When reading SDIF files in editors, enabling visible whitespace or "Show invisibles" makes tab characters visible as arrows or → glyphs.
In source code and fixtures, embed actual tab bytes between values. Do not use \t escape sequences in raw SDIF text unless your toolchain explicitly handles them.
Indentation
In canonical form, rows are indented with exactly two spaces before the first column value. Source documents may use any consistent indentation, but two spaces is the canonical contract.
Quoted Values
Column values containing spaces, tabs, or special characters must be double-quoted:
tasks[id,label,assignee]:
T1 "Deploy to staging" alice
T2 "Run smoke tests" bob
Unquoted values may not contain whitespace. Parsers treat the first unescaped tab as the column boundary.
Empty Cells
An empty cell is represented by two adjacent tab characters (or a tab at the start of a row for the first column, or a trailing tab before end-of-line for the last column):
items[id,value,note]:
A1 42
A2 "no value"
A3 99 verified
In the example above, A1 has an empty note, and A2 has an empty value.
Mixed Types in Columns
SDIF columns are typed by schema. In source documents without a schema, column values are untyped strings. A schema may declare a column as String, Integer, Identifier, Enum(...), or other supported types. The parser validates values against the declared type during schema-aware parsing.
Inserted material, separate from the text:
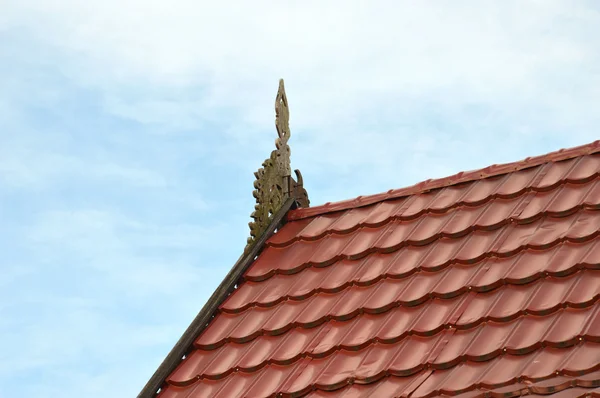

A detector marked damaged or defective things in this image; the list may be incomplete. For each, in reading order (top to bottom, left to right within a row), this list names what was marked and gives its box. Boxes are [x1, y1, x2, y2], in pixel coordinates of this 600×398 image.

When no schema is present, all values are treated as strings.
Primary Keys
A schema may declare a primary key for a table:
tables[name,ordered,primary_key]:
milestones false id
The primary_key column names the column (or columns) that uniquely identify each row. Primary keys are used during canonicalization to sort rows in unordered tables, and by validators to detect duplicate entries.
Ordered vs Unordered Tables
Tables have two modes, declared in the schema:
| Mode | ordered | Row handling |
|---|---|---|
| Unordered | false | Rows sorted by primary key in canonical form |
| Ordered | true | Row order preserved exactly as written |
Unordered tables are the common case. When ordered=false, canonicalization sorts rows by their primary key. This makes the canonical form independent of insertion order.
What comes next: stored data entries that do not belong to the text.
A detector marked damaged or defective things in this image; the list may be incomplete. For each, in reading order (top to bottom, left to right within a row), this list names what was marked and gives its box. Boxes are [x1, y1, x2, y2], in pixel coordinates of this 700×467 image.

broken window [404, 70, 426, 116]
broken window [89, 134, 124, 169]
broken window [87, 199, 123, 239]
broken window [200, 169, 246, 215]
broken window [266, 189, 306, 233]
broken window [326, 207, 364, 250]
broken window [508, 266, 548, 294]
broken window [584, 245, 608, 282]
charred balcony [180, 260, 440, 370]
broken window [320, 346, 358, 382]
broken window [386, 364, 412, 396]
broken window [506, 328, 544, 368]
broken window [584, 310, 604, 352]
Ordered tables preserve the sequence of rows as authored. Use ordered tables when row position carries meaning — for example, a ranked list, a time-ordered event log, or an explicit sequence of steps.
When no schema is available, parsers preserve row order (treat as ordered).
Schema Column Definition
Columns are declared in the schema under the columns table, referencing the parent table by name:
columns[table,name,type,required]:
milestones id Identifier true
milestones status Enum(done,pending,blocked) true
milestones gate String true
milestones evidence String false
Each row names the table it belongs to, the column name, the value type, and whether the column is required. Required columns must have a non-empty value in every row.
Full Example
The following is the milestones table from a Plan document:
milestones[id,status,gate,evidence]:
R1 done validate-syntax reports/syntax.md
R2 done validate-canonical reports/canonical.md
R3 pending validate-schema reports/schema.md
R4 pending validate-semantics reports/semantics.md
With the schema declaring milestones as ordered=false and primary_key=id, the canonical form sorts these rows lexicographically by id — which in this case is already in order.
Common Mistakes
- Using spaces instead of tabs between columns. A sequence of spaces between values is not a column separator. Only U+0009 counts.
- Forgetting the colon after the column header.
milestones[id,status]without the trailing:is not a valid table declaration. - Quoting identifiers unnecessarily. If a value contains no spaces or special characters, it should be unquoted. Over-quoting is not a parse error, but it reduces readability.